Unpublished Disposition, 905 F.2d 1541 (9th Cir. 1990)

Annotate this Case
US Court of Appeals for the Ninth Circuit - 905 F.2d 1541 (9th Cir. 1990)

UNITED STATES of America, Plaintiff-Appellee,v.Luene B. CURRY, Defendant-Appellant.

No. 89-30221, 89-30222.

United States Court of Appeals, Ninth Circuit.

Submitted June 6, 1990* .Decided June 22, 1990.

Before CYNTHIA HOLCOMB HALL, DAVID R. THOMPSON and LEAVY, Circuit Judges.


MEMORANDUM** 

Luene B. Curry ("Curry") appeals his conviction for conspiracy to distribute cocaine, four counts of distribution of cocaine, and one count of possession of cocaine with intent to distribute. Curry contends he did not knowingly waive his right to a trial by jury, that his 1988 superseding indictment was insufficient, that the evidence against him was insufficient for a conviction, that his agreement to consolidate and waive his right to a speedy trial was invalid, that he was convicted by perjured testimony, and that his trial counsel was ineffective. We have jurisdiction under 28 U.S.C. § 1291 and we affirm.

ANALYSIS

In open court, Curry stated that he had consulted with his attorney regarding the waiver of his right to a trial by jury. The court then conducted a colloquy by which Curry was informed that he was entitled to trial by a jury of twelve persons drawn from the community, that the jurors would be selected and subjected to voir dire examination in which both Curry and his attorney could participate, that Curry and his attorney had the right to make peremptory challenges, that in a bench trial the judge would make the determination of either guilt or innocence, and that if Curry were convicted the judge would decide what sentence to impose. Curry then stated that he wanted to waive his right to trial by jury. Curry also executed a written waiver in the presence of the court. The waiver was accepted by the court and consented to by the government in compliance with Fed. R. Crim. P. 23(a). Curry was then tried by the court and convicted.
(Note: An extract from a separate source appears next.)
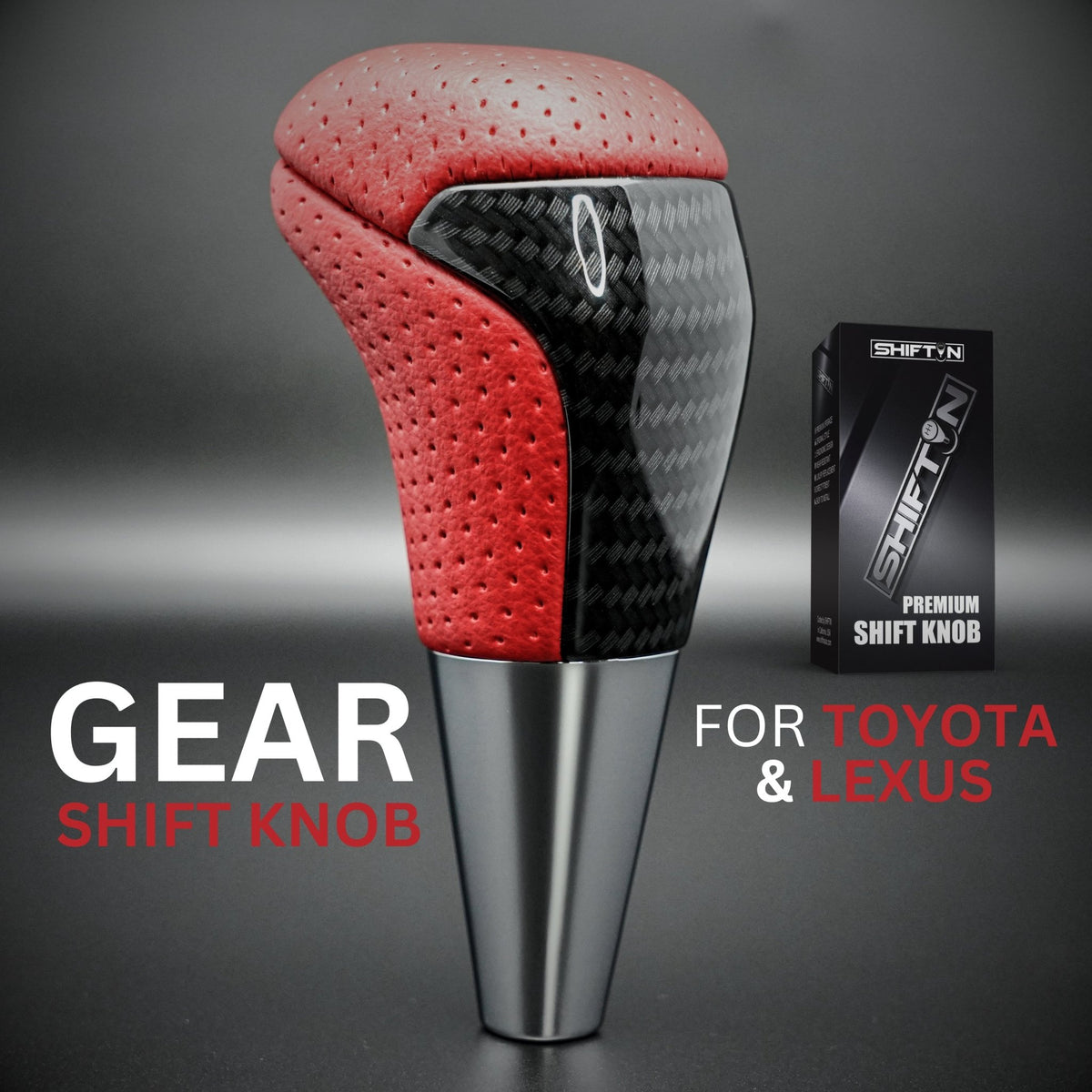 SHIFTIN-Car-Gear-Shift-Knob-Gearbox-Shifter-Head-for-Toyota-Land-Cruiser-FJ-4Runner-Sequoia-Tundra-Tacoma-Highlander-Fortuner-Hilux-Rav4-Prius-C-Lexus-LX-SUVs-Red-Leather-Carbon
Curry asks us to adopt a mandatory supervisory rule requiring trial courts to conduct an in depth examination of a defendant to assure that the waiver of a jury trial is voluntary, knowing and intelligent. Specifically, Curry contends that in this examination the court should make sure that a defendant who waives trial by jury is aware of the requirement of jury unanimity in a criminal case. We decline to adopt such a rule.

A criminal defendant's right to a jury trial is fundamental. Duncan v. Louisiana, 391 U.S. 145, 149 (1968). However, a defendant may waive this right if four requirements are satisfied: (1) the waiver is in writing, (2) the government consents, (3) the trial court accepts the waiver, and (4) the waiver is made voluntarily, knowingly and intelligently. Patton v. United States, 281 U.S. 276, 312-13 (1930). The first three of these requirements are embodied in Fed. R. Crim. P. 23(a).1  When a jury waiver is made in compliance with Rule 23(a), it is presumed that the jury waiver is voluntary, knowing and intelligent. United States v. Goodwin, 446 F.2d 894, 895 (9th Cir. 1971) (per curiam).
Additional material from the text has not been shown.